● **YOUR GOAL**
Ignoring pictures, transcribe exactly the lines between the one containing "A modern desk" and the end of the material, both included.

● **GIVEN MATERIAL**
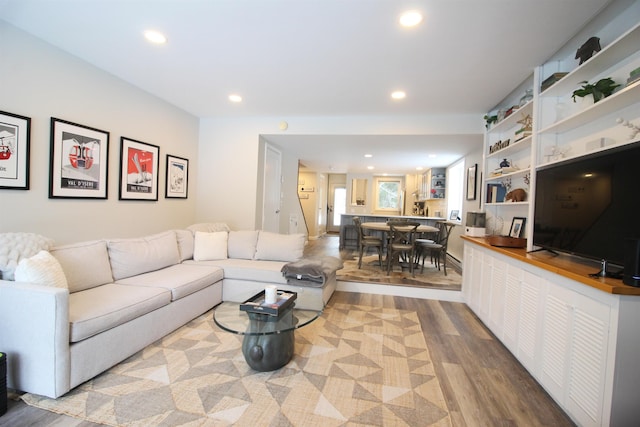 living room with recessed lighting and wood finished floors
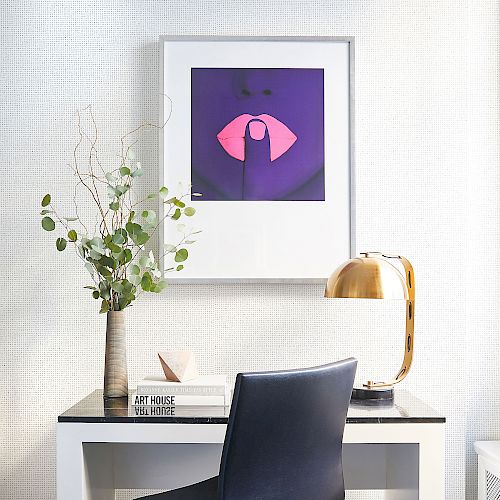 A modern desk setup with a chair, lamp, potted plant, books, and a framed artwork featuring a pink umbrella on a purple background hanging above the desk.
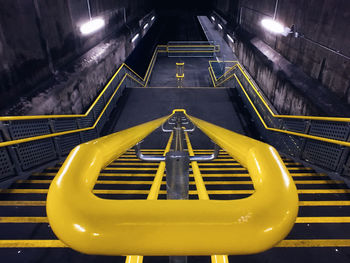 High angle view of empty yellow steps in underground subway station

● **RESULT OF THE TASK**
 A modern desk setup with a chair, lamp, potted plant, books, and a framed artwork featuring a pink umbrella on a purple background hanging above the desk.
 High angle view of empty yellow steps in underground subway station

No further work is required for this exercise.